What this task involves -> Your response should contain every line from the data below that holds the string "Pacific".

[Scraped caption text data]
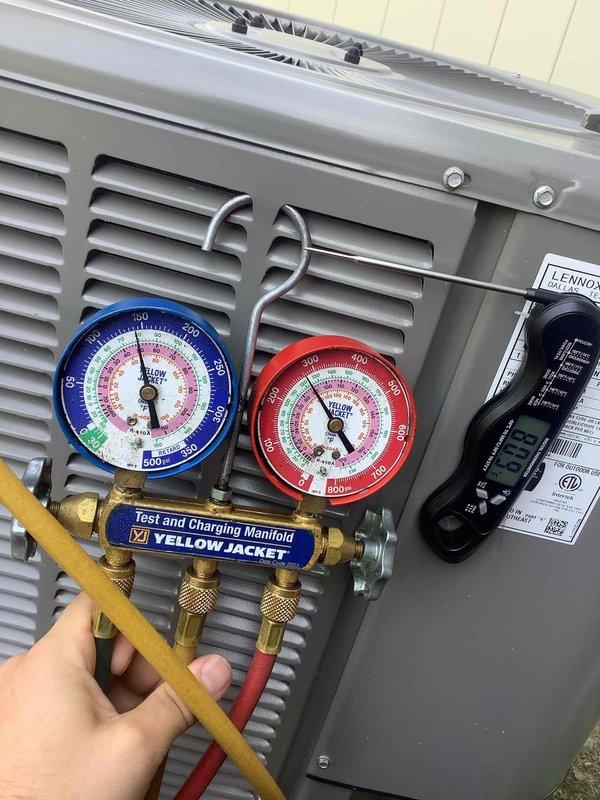 Responded to complaint of upstairs unit unable to maintain setpoint of 69°F, with temperature climbing to 71°F and continuing to rise throughout the day. Performed diagnostic evaluation of upstairs A/C system using manifold gauges to check refrigerant pressures and system performance. Conducted comparison testing between upstairs and downstairs units to identify performance discrepancy, as downstairs system maintaining proper temperature control without issue.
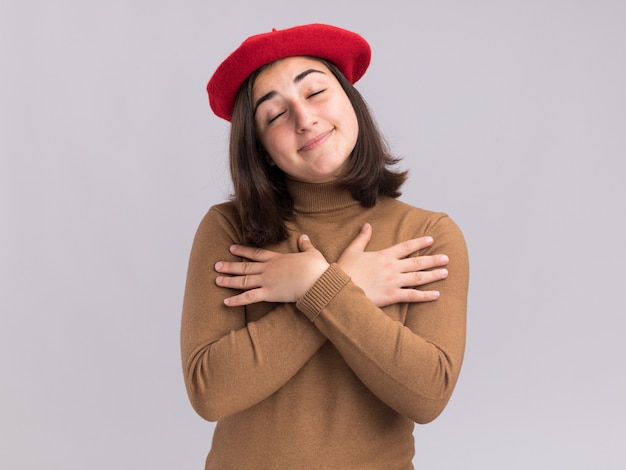 Jovem, bonita, caucasiana, satisfeita, com chapéu de boina colocando as mãos no peito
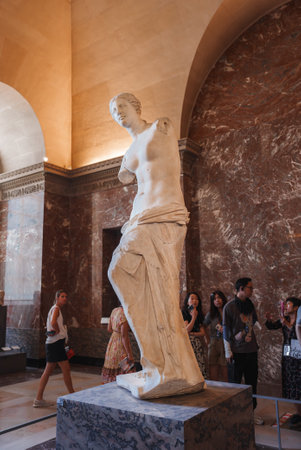 Life-sized white marble statue displayed in a museum setting, showcasing neoclassical artistry and elegant craftsmanship against marble walls.の写真素材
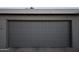 Gray garage door with decorative squares and a textured stucco wall above at 8848 N New World Dr, Glendale, AZ 85302
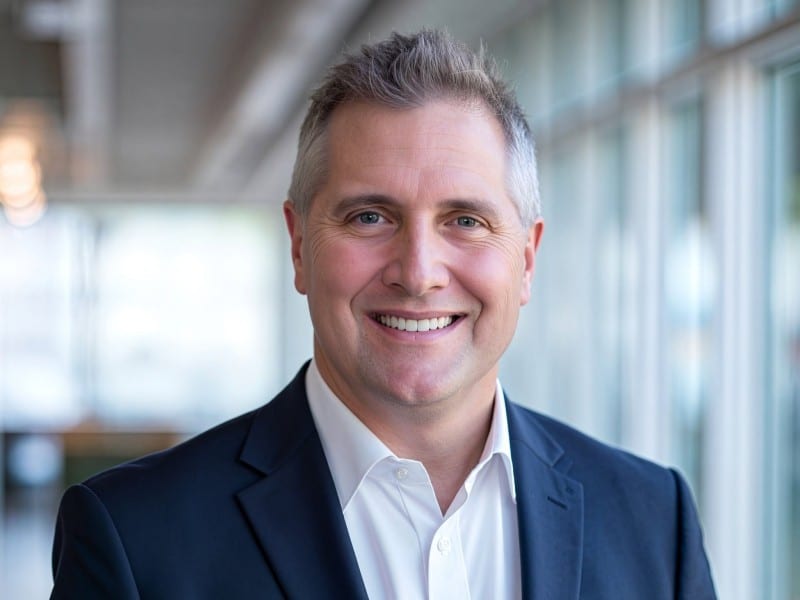 Headshot of Wisconsin state Rep. Shannon Zimmerman smiling in a dark blazer and open-collared white shirt.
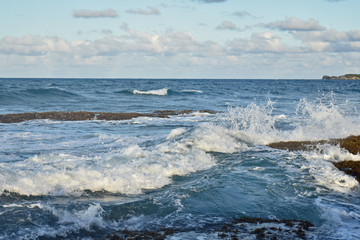 waves breaking on the rocks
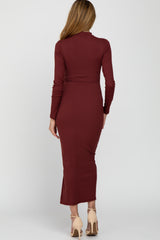 woman wearing a burgundy long sleeve fitted maternity dress with a side slit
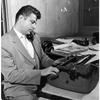 Hed: Getting the news, 1958

Tokyo, Japan, Sometime in 1958: Stars and Stripes staff writer Millard "Corky" Alexander types out the news dictated to him over the telephone. Alexander worked as a staff writer and assistant city editor for Pacific Stars and Stripes from 1957 to 1962. 
He would go on to co-found the Tokyo Weekender together with fellow S&S staff writer Susan Scully (nee Dibble) (1965 to 1967). The magazine, which saw its first issue roll of the press Feb. 13, 1970, still publishes today.


Check out Stars and Stripes Pacific's special 80th anniversary section highlighting other former Stars and Stripes Pacific staffers here.
https://80.stripes.com/80th-home

And read one of Corky's stories here.

META TAGS: SSP 80th anniversary; Stars and Stripes history; Stars and Stripes personnel; newspaper; journalists; journalism; typewriter; 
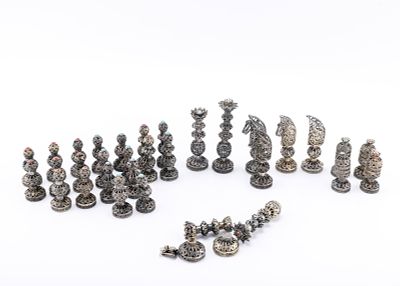 A GROUP OF 32 STERLING SILVER CHESS PIECES MADE IN ISRAEL. Made from hand woven filigree. Two 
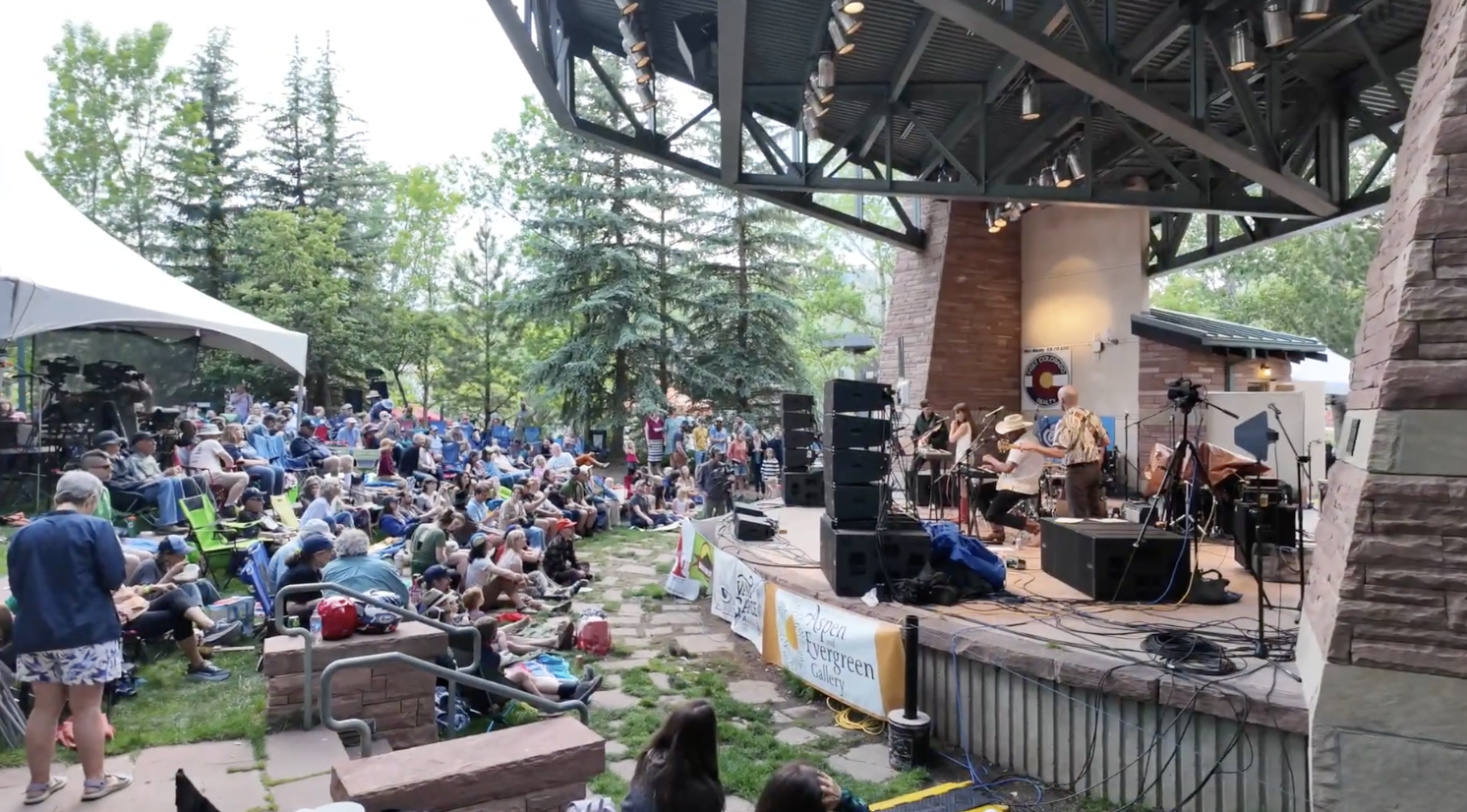 Friends of Folk Festival 2025 at Performance Park in downtown Estes Park with mountain backdrop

Task output ->
Tokyo, Japan, Sometime in 1958: Stars and Stripes staff writer Millard "Corky" Alexander types out the news dictated to him over the telephone. Alexander worked as a staff writer and assistant city editor for Pacific Stars and Stripes from 1957 to 1962. 
Check out Stars and Stripes Pacific's special 80th anniversary section highlighting other former Stars and Stripes Pacific staffers here.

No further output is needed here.